Sie besteht darin, im Rahmen der eigenen Möglichkeiten den Erfolg und mindestens den Fortbestand der Unternehmung zu sichern. Notfalls auch außerhalb des zugewiesenen Aufgabenbereichs.


Schuldzuweisung und Opferdenke ist in diesem Sinne fahrlässige Untätigkeit und unterlassene Hilfeleistung. Wir bringen damit die Unternehmung und uns selbst in Gefahr.


Win-Win statt Lose-Lose!

Wer Erfolg haben will, akzeptiert die Tatsache, dass zu einem Ergebnis immer viele Menschen beitragen. Menschen tun stets, was sie im jeweiligen Moment für sich oder andere für richtig oder notwendig halten.
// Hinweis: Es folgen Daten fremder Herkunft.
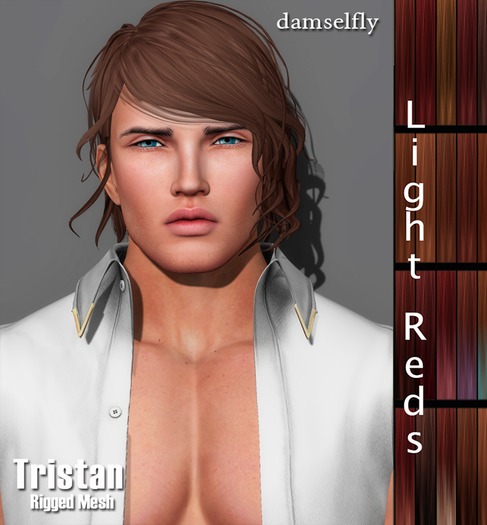 *~*Damselfly*~*Tristan Light Reds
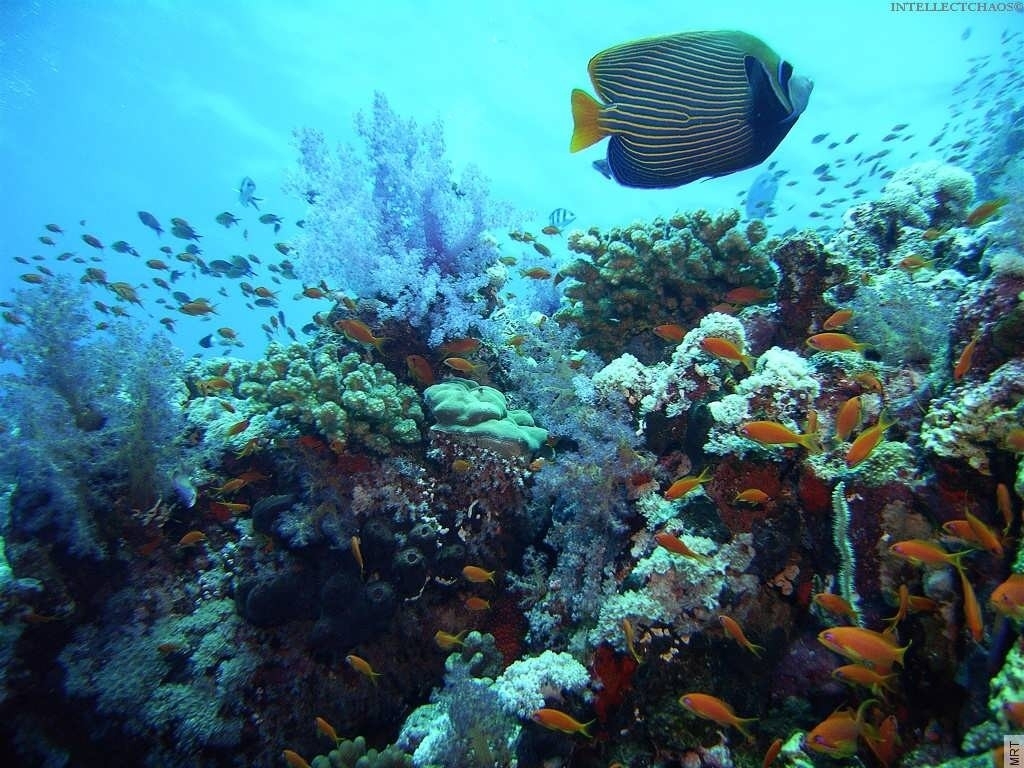 Wallpaper Ocean Nature Sea World Animals Fish Tank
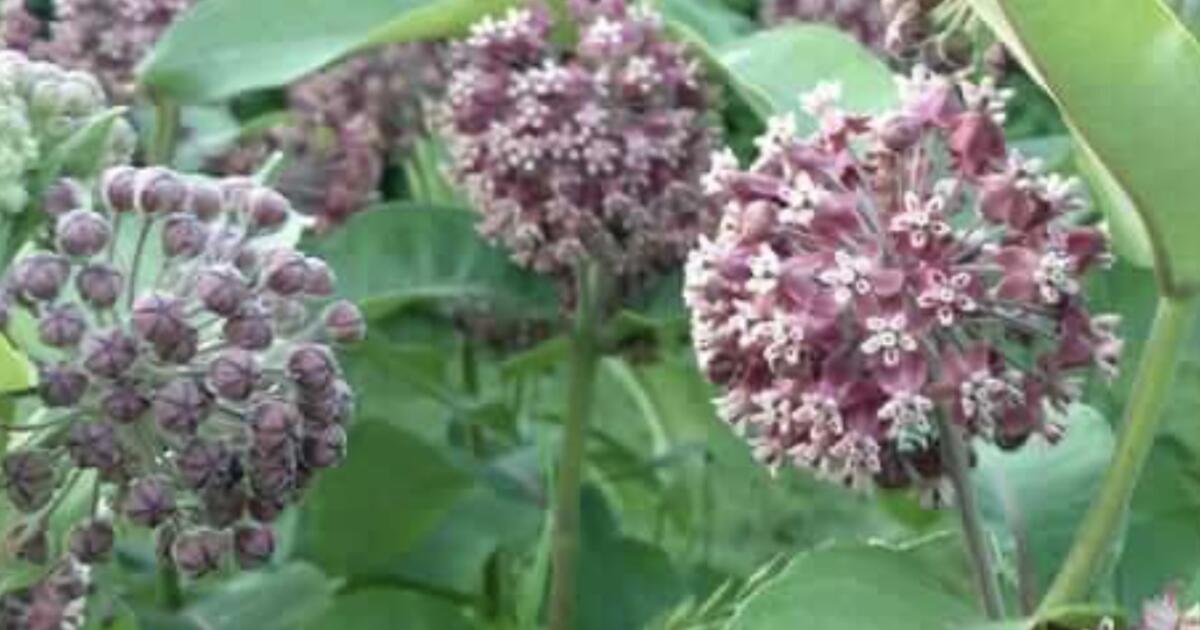 Common Milkweed for Monarch Butterflies for Free in De Pere, WI | For ...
In diesem Sinne herrscht in unser aller Handeln Gleichberechtigung – unabhängig von Hierarchien und Entscheidungsbefugnissen. Das bedeutet auch, dass Erfolg immer nur eine Annäherung an eine persönliche Idealvorstellung sein kann.

Wer den größtmöglichen Erfolg haben möchte, fragt deshalb danach, was der gemeinschaftliche Erfolg für alle ist und was er/sie selbst dazu beitragen kann, um wieder auf Kurs dorthin zu kommen.

Genau dazu haben wir jeden Tag aufs Neue die Chance.



Anmerkungen

  • /1/ Manchmal geschehen diese Retourkutschen ohne Rücksicht auf eigene Verluste: Die Lust am gemeinsamen Untergang wird dann oft regelrecht zelebriert.
  • /2/ Als kleinen philosophischen Einwurf: Haben wir wirklich ein Recht dazu? Wann dürfen wir wirklich unlautere Motive unterstellen, wann explizit Schuld zuweisen? Dürfen wir das, wenn jemand anders handelt, als wir es aufgrund unserer eigenen oder allgemein anerkannt vermuteten Werte erwarten? Wer gibt uns dieses Recht? Der Vorgesetzte, der Inhaber, der so genannte gesunde Menschenverstand?
  • /3/ „Motivation“ durch Druck ist noch immer ein sehr gängiges Führungsinstrument, das ja unbestritten gewisse Erfolge hervorrufen kann. Wohlgemerkt mittels Zwang, und nicht mit Motivation, die Freiwilligkeit voraussetzt. Durch Druck wird aber die Chance auf exzellente Team-Leistungen vergeben, weil so innere Widerstände erzeugt werden, die Energieentfaltung und Kreativität verhindern und die Loyalität mindern.
  • /4/ Das kann und wird bedeuten, dass personelle und strukturelle Konsequenzen gezogen werden: Ein Prozess z.B. wird angepasst oder ein unzuverlässiger Mitarbeiter durch ein zuverlässigeren erstetzt.